The American Public Power Association plans to address how the FCC orders hurt municipally owned utilities, while Montgomery County is arguing that the FCC should update RF standards before rolling out small cells, said local lawyers. APPA and Montgomery County didn’t comment now.
In part two of argument, American Electric Power is challenging one-touch, make-ready rules as violating the Telecom Act, which allows utilities to deny access for safety, capacity and other reasons. "The FCC’s pole attachment rules have become increasingly more dangerous to electric system safety and reliability over the past decade," an AEP spokesperson emailed. "The FCC allows third parties to enter the potentially lethal electric supply space without proper authorization from the electric utility and allows entities to proceed with attachments even where it would be unsafe. The FCC’s rules also continue to shift the cost of providing space for communications attachments to electricity customers."
Impact
It’s “one of a series of cases that will define federal, state and local roles in an information economy,” emailed New Street Research's Blair Levin. “This case relates to physical assets, such as poles and rights of ways, where the local authority is well grounded,” but the FCC argues “those assets are part of critical national infrastructure and therefore federal authorities have the right to make the rules,” he said. “While the argument involves specific statutory provisions, there are broader themes that will also impact local and state roles in establishing policies over how such networks are used, such as privacy and net neutrality policies.” Wall Street seems to disagree with the FCC that local fees impede deployment, said Levin. “I don't know of any analyst who said we can expect any wireless company to increase its capital expenditures in the wake of lower fees."
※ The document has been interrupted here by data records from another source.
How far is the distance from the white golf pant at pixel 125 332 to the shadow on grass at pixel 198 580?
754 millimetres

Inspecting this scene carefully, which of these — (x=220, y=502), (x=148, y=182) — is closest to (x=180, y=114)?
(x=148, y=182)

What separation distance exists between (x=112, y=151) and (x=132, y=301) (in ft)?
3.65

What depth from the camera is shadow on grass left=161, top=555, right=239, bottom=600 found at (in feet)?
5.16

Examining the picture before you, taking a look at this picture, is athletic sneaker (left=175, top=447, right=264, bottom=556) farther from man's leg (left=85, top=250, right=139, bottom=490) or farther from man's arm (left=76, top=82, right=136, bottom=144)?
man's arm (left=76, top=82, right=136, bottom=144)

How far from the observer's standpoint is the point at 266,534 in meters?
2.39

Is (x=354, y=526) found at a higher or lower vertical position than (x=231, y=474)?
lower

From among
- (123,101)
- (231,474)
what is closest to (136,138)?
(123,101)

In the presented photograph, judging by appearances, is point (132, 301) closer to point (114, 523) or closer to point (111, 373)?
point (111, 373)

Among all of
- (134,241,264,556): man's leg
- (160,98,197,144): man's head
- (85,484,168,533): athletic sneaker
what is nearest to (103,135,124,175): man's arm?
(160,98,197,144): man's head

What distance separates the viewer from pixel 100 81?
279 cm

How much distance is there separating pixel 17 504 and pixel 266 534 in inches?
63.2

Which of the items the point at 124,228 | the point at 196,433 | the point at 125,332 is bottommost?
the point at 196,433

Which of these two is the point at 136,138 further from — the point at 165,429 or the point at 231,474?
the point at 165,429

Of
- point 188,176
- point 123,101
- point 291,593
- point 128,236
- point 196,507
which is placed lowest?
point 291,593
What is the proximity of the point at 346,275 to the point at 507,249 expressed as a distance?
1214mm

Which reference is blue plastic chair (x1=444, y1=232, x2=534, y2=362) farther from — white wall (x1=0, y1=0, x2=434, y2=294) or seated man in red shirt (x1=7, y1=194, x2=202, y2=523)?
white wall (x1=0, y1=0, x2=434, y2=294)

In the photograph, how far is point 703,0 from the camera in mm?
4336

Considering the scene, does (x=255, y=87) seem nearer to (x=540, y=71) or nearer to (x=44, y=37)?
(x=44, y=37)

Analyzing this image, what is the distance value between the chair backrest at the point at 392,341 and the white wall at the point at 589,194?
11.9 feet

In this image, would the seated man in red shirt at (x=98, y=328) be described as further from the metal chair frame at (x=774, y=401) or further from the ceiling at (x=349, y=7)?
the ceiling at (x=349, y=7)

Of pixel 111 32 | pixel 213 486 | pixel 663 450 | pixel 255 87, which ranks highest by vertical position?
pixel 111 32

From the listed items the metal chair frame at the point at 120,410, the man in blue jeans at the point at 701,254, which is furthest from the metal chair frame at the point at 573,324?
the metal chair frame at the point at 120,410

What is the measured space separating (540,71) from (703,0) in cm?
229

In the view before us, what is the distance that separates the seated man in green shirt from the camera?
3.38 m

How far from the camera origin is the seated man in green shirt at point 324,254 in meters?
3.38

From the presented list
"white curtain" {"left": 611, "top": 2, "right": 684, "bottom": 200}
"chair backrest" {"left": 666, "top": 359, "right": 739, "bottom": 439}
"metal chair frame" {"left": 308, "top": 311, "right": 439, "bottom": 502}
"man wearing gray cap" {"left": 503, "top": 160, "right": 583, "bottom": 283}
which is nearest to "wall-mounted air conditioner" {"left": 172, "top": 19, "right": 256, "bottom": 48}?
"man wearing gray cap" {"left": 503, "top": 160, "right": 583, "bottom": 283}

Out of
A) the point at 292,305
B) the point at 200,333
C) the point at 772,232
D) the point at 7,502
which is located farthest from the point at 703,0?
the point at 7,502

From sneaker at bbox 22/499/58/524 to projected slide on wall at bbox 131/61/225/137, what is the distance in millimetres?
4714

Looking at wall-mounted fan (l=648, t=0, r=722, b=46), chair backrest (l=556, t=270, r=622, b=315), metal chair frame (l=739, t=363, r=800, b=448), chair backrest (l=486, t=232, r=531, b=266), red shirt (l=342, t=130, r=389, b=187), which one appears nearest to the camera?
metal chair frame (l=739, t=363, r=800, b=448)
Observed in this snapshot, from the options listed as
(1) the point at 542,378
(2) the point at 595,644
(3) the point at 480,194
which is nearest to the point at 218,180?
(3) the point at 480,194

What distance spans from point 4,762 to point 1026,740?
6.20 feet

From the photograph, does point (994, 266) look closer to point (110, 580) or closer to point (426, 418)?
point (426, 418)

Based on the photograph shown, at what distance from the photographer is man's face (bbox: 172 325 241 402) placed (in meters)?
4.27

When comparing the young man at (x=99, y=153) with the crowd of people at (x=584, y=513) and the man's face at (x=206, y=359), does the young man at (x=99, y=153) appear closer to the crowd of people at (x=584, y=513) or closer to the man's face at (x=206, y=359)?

If industry and the FCC are right that “we’re going to see hundreds of thousands of these sites deployed across the country, how that happens is going to impact many, many lives,” Fellman said. If cities prevail, the local lawyer hopes the FCC will step back and work more collaboratively with state and local governments on deployment, he said. “But if the FCC is successful, they may feel empowered” to take further action pre-empting cities, he said.
Some are wrongly conflating 9th Circuit litigation with industry requests for more changes to wireless infrastructure rules, Adelstein said. The WIA president urged the FCC to act on industry petitions for declaratory rulings (see 2001150020). “Those have nothing to do with the case in the 9th Circuit because they involve separate statutes,” Adelstein said. “One of them is about making the way for small cells, which is the architecture for 5G ... but the other is making the way for collocation.” FCC authority under Section 6409 “is the most explicit and far-reaching” and could accommodate FirstNet, public safety, backup generators, small-cell hubs and edge data centers, he said.
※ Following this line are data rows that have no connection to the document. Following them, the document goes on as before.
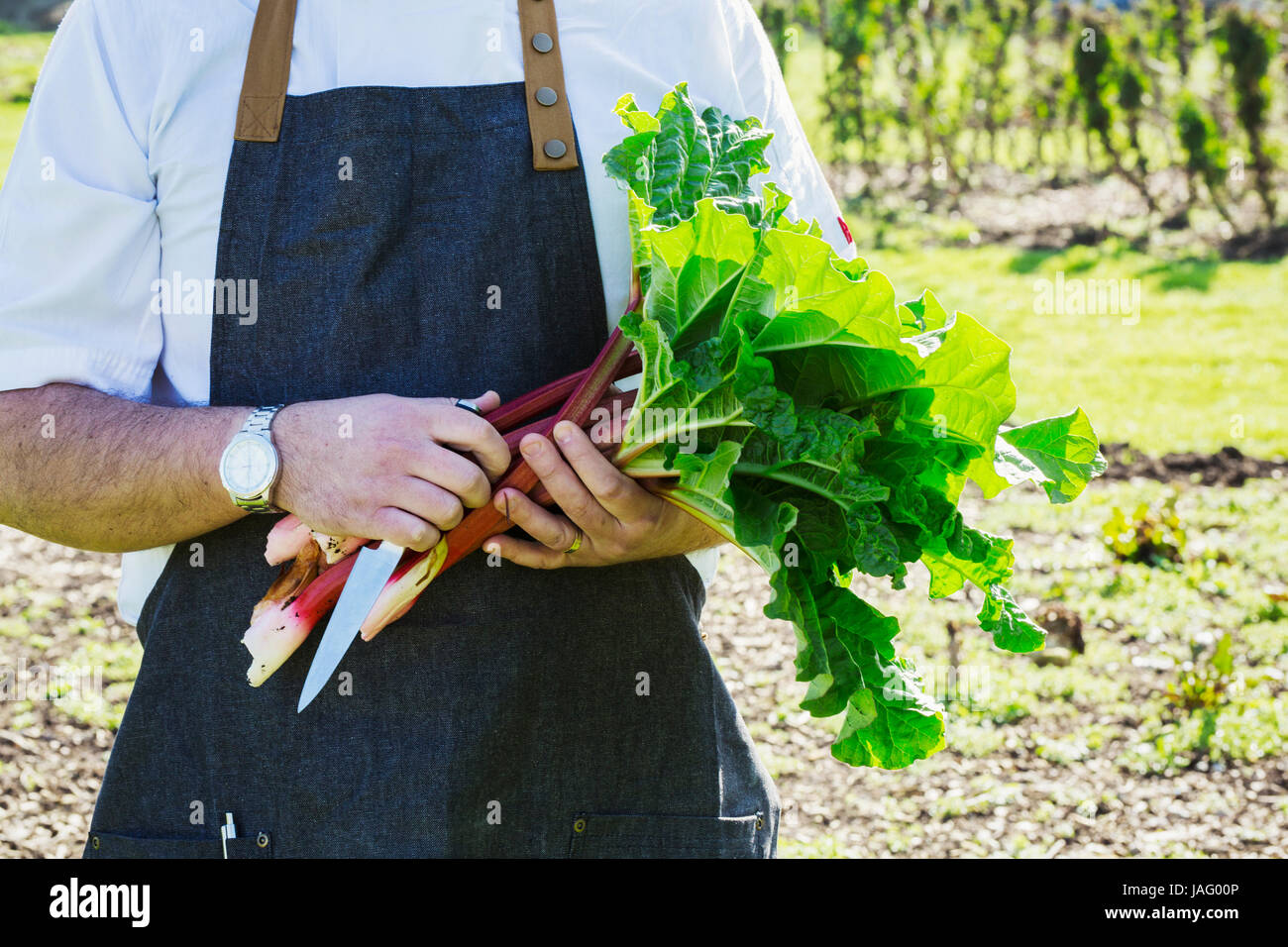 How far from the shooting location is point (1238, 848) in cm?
407

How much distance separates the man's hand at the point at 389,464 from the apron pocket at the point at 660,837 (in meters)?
0.59

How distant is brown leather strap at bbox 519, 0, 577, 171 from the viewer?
192 cm

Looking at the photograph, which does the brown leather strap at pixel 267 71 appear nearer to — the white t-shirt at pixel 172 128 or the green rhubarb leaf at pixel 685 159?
the white t-shirt at pixel 172 128

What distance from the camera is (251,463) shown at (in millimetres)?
1747

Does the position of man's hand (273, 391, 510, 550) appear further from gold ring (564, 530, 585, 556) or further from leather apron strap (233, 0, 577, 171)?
leather apron strap (233, 0, 577, 171)

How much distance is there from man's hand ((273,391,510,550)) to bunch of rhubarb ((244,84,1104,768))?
8cm

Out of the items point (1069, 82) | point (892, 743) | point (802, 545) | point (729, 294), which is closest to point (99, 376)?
point (729, 294)

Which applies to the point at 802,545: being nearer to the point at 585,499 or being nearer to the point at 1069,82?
the point at 585,499

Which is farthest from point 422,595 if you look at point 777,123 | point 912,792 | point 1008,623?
point 912,792

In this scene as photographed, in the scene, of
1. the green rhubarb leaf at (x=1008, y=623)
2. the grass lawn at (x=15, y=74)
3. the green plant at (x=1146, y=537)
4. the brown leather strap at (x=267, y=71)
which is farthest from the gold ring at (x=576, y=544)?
the grass lawn at (x=15, y=74)

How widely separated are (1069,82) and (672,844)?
40.4 feet

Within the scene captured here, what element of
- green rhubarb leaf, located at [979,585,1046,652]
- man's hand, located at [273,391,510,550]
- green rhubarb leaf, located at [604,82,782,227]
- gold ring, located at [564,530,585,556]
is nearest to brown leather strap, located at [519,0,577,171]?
green rhubarb leaf, located at [604,82,782,227]

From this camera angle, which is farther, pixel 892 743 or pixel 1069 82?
pixel 1069 82

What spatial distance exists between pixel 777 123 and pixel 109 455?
121cm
A local victory would force Georgia to renegotiate its 2019 small-cells law due to a specific provision in that statute, said Brookhaven Mayor John Ernst on Thursday’s call. More than half the states have enacted small-cells laws that pre-empt local governments like the FCC order.
That renegotiation provision appears unique to Georgia, though some other states wrote sunsets into bills, said Werner. Even in states that have laws, removing the FCC order will help reduce local government confusion about whether inharmonious state or federal rules apply, she said.
Further appeal is possible after the 9th Circuit decides, Fellman said. “We’ve taken it this far, and we’ll have to evaluate the outcome.”